Re: Problemy z dyskami

Autor: adasiek <podolany_at_poczta.wp.pl>
Data: Tue 23 Nov 2004 - 04:08:20 MET
Message-ID: <cnud3l.48.1@podolany.art.pl>
Content-Type: text/plain; charset=iso-8859-2

Basic wrote:

> Wczoraj mi zaczął dysk klekotać przy włączaniu i wyłaczaniu komputera,
> więc znajomy włożył do komputera mój drugi dysk(1.09 GB), powiedzial, że
> ten dysk ( ponad 3 GB) już chyba niedługo padnie.

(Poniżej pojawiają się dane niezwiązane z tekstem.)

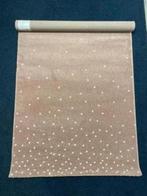 NIEUW! AFK Living vloerkleed “Confettis”, 100x150 cm, €22,99, 50 tot 100 cm, Nieuw, Wit, 150 tot 200 cm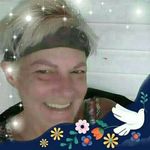 Teri Bell - @teribell62 - Instagram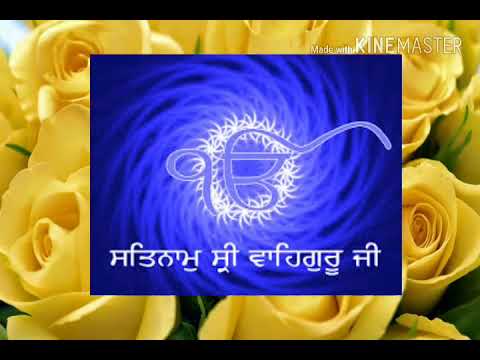 Bhai Balkar Singh Ji ( JANDIALE WALE ) Part-2 ( cont: 98152-27476)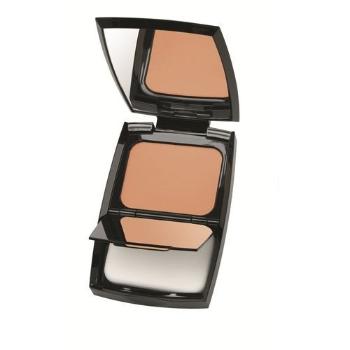 Lancôme Teint Idole Ultra Compact make-up - 03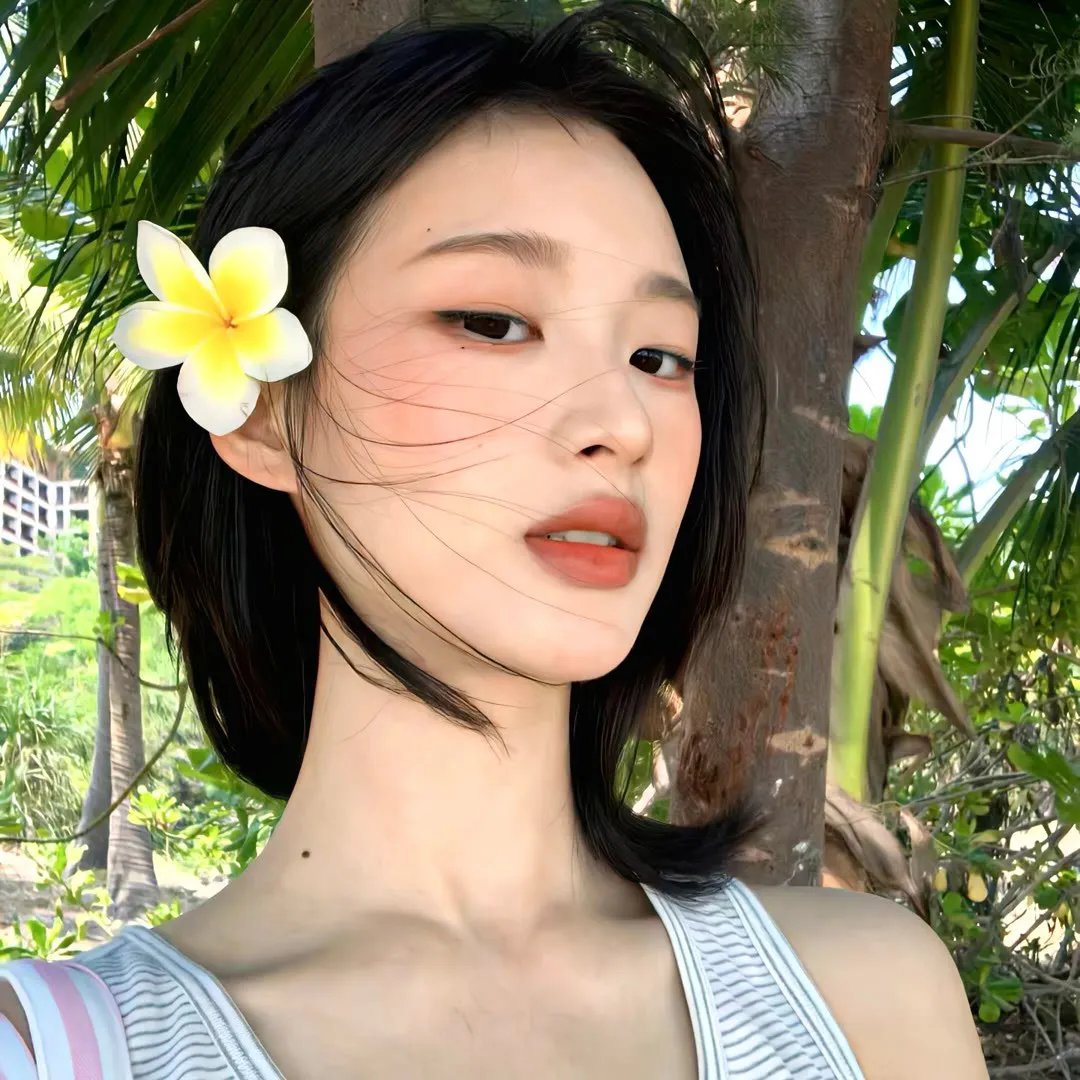 太空堡垒：烽火情歌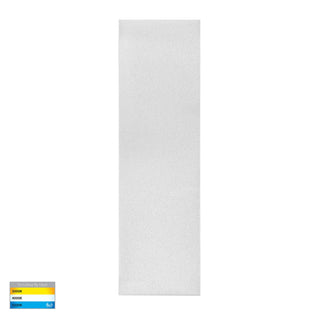 Havit HV3571T - Barline Shadow Aluminium 300mm Wall Light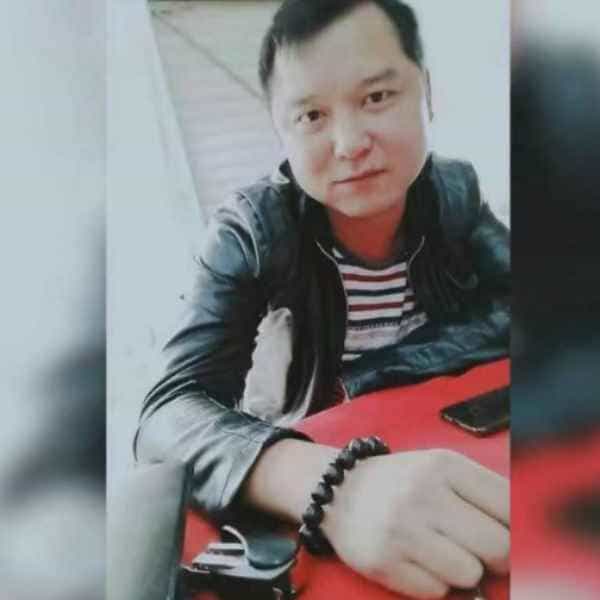 40岁岁湖南单身帅哥 - 商丘吉缘网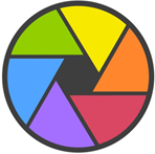 ��Ӱħ���� v4.4.1 ��ɫ��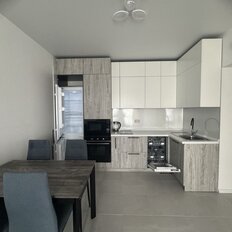 Квартира 65 м², 2-комнатная - изображение 1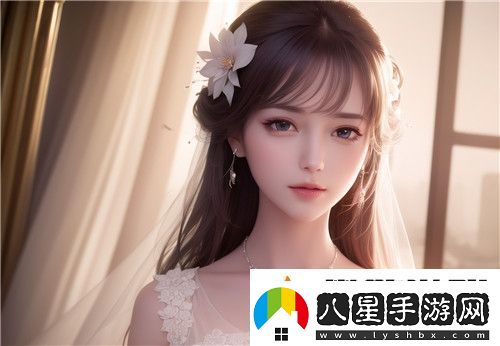 精品**一區二區三區浪潮在線(xiàn)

System Windows nie
> rozpoznaje tego dysku dodanego (1.09 GB), Bios go widzi--jako DRIVE2 (a
> nie jako DRIVE1!), bo dysk C jest w Biosie jako DRIVE0, to ten dodany

jakis bełkot;

> powinien byc chyba jako drive1, a nie drive2. Na dodatek ten znajomy tak
> mi namieszał w komputerze dzieląc ten dysk 3GB, że Windows z programami
> (tzn C)zrobił na 1 GB, a drugą część ( drugi dysk z podziału) na jakieś
> bzdety,dane - na 2 GB. Teraz na najważniejszym dysku C zaczyna brakować
> miejsca, bo tam jest system i programy, a ten do bzdetów jest pusty. Co

mieszasz dwie rozne sprawy;

> zrobić, żeby znowu (bez utraty danych) przywrocić dyskowi z powrotem te 3
> GB? (Łopatologicznie, bo nigdy tego nie robiłam). Co zrobić, żeby Windows
> zaczął widzieć ten dodatkowy, dodany wczoraj dysk 1 GB?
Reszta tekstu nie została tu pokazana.